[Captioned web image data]
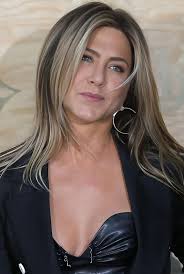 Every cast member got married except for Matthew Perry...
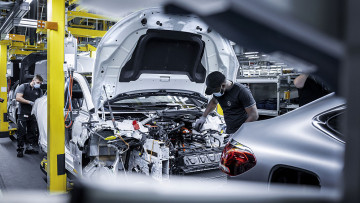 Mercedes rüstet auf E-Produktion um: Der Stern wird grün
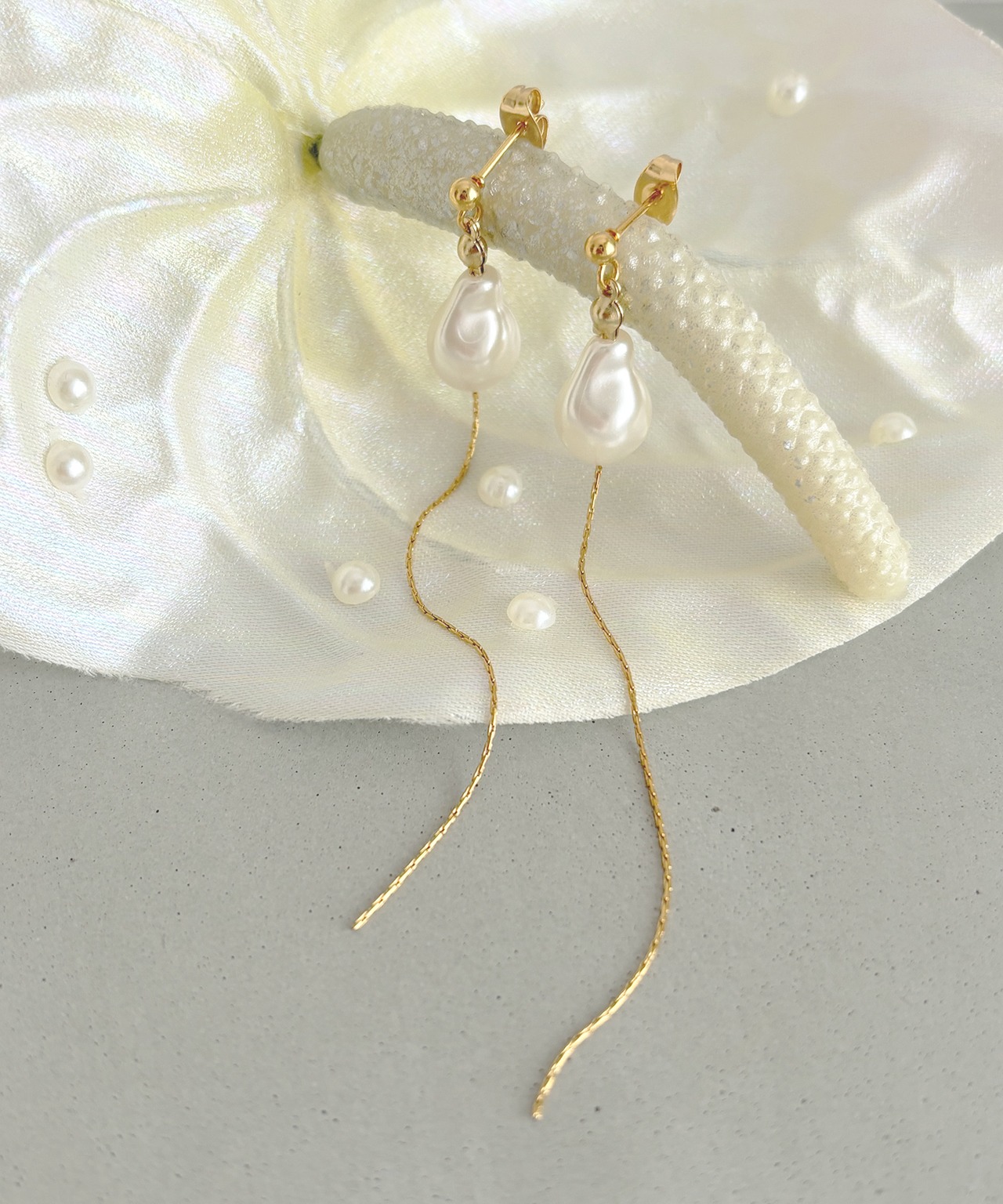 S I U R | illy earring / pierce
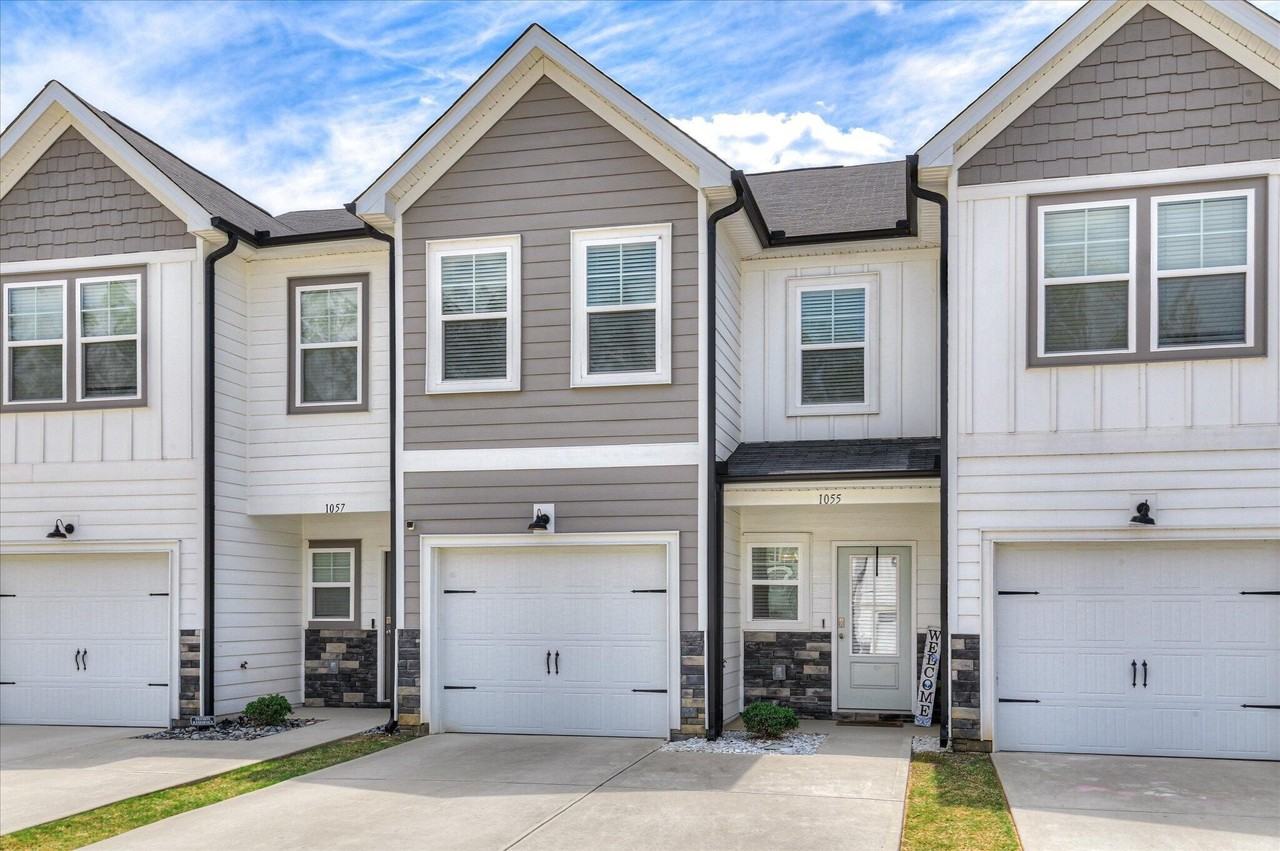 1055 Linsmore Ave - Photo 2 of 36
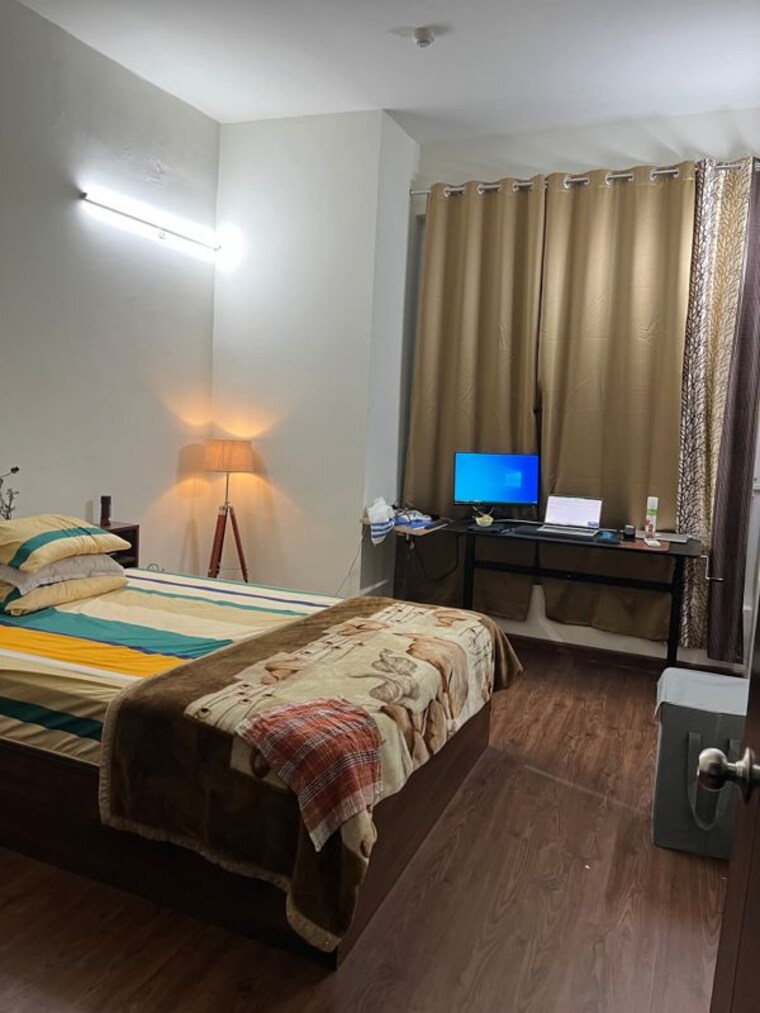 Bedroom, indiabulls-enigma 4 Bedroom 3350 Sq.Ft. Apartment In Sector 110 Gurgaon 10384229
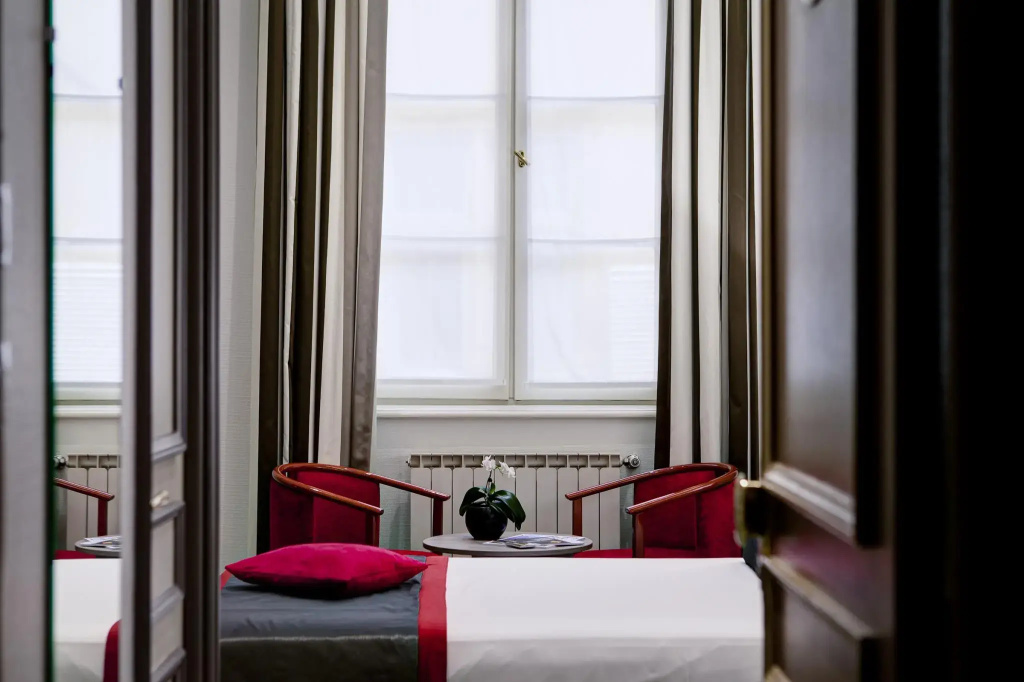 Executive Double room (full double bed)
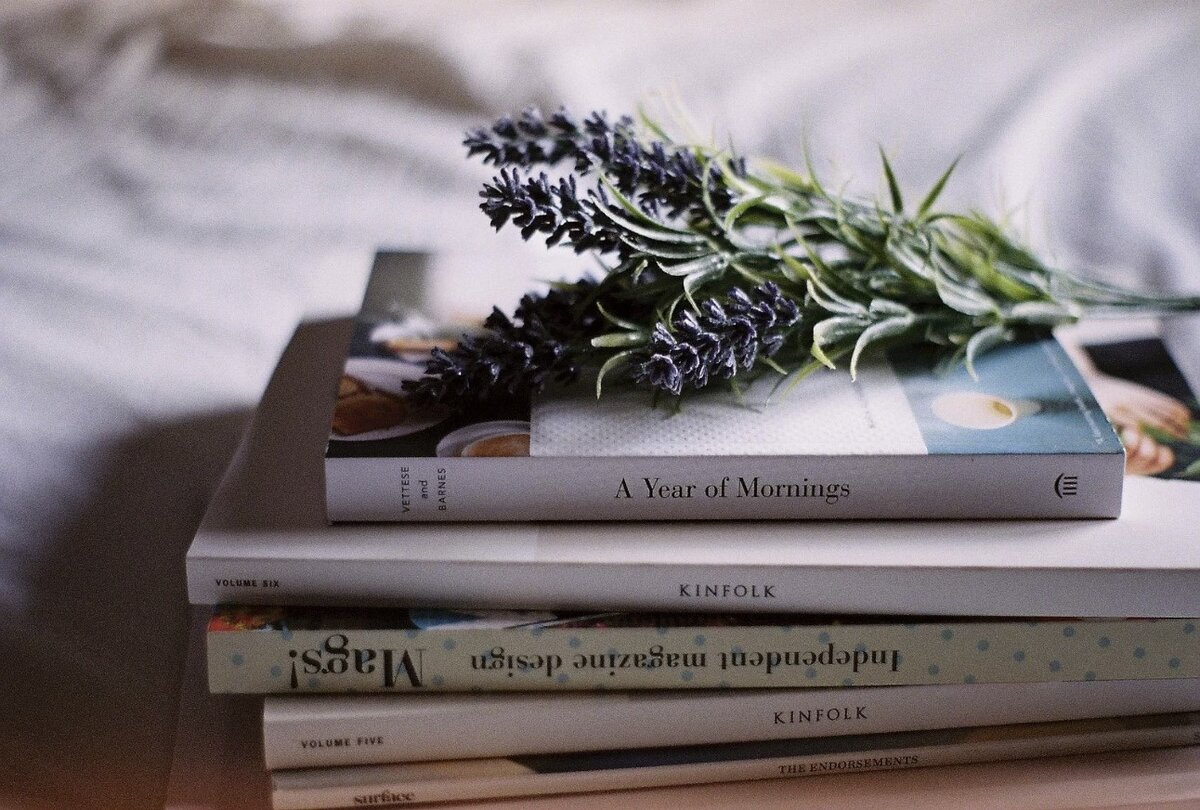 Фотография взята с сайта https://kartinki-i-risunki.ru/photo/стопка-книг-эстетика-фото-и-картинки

[PROBLEM TO SOLVE] Make an exact copy of the data, leaving its pictures out.

[RESPONSE BOX]
 Every cast member got married except for Matthew Perry...
 Mercedes rüstet auf E-Produktion um: Der Stern wird grün
 S I U R | illy earring / pierce
 1055 Linsmore Ave - Photo 2 of 36
 Bedroom, indiabulls-enigma 4 Bedroom 3350 Sq.Ft. Apartment In Sector 110 Gurgaon 10384229
 Executive Double room (full double bed)
 Фотография взята с сайта https://kartinki-i-risunki.ru/photo/стопка-книг-эстетика-фото-и-картинки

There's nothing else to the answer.